Logo à chegada a Portugal em 2022, no entanto, eclodiu a guerra da Ucrânia, cujo desenrolar o choca profundamente. Manteve-se relutante em intervir, mas agora decidiu abrir uma exceção e dar esta entrevista exclusiva à PRESSENZA sobre as suas experiências no Leste da Europa e as possíveis ilações geopolíticas que esse saber, de experiência feito, permitirá fazer.
Na primeira parte da entrevista, publicada há poucos dias, abordaram-se as experiências de Carlos Fino em Moscovo e durante o desmoronamento da União Soviética e o desmembramento forçado da Jugoslávia.

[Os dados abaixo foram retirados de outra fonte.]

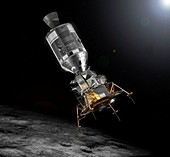 Apollo Command Service and Lunar modules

Nesta segunda parte, ele fala sobre a atual guerra na Ucrânia, a Europa de Leste em geral, assim como sobre a desglobalização em curso e a nova ordem mundial emergente.
A atual guerra na Ucrânia
Pressenza:
Falemos agora da atual guerra na Ucrânia. Carlos, onde estava e qual foi a sua primeira reação quando soube que as tropas russas tinham invadido a Ucrânia no ano passado, em Fevereiro de 2022?
Carlos Fino:
Estava a regressar a Portugal vindo do Brasil. Eu vinha com a determinação de não estar mais na “boca de cena” da política internacional e de levar uma vida mais tranquila. Nesse aspeto, esta entrevista é uma exceção que faço. Toda a minha vida foi “gasta” e dedicada à política internacional e ao jornalismo e eu queria afastar-me um pouco disso e fazer aquilo que os antigos chamavam de “aurea mediocritas”, que é estar aqui a desfrutar das coisas boas da vida, longe da grande cena. Mas fiquei chocado com o próprio desenrolar dos acontecimentos.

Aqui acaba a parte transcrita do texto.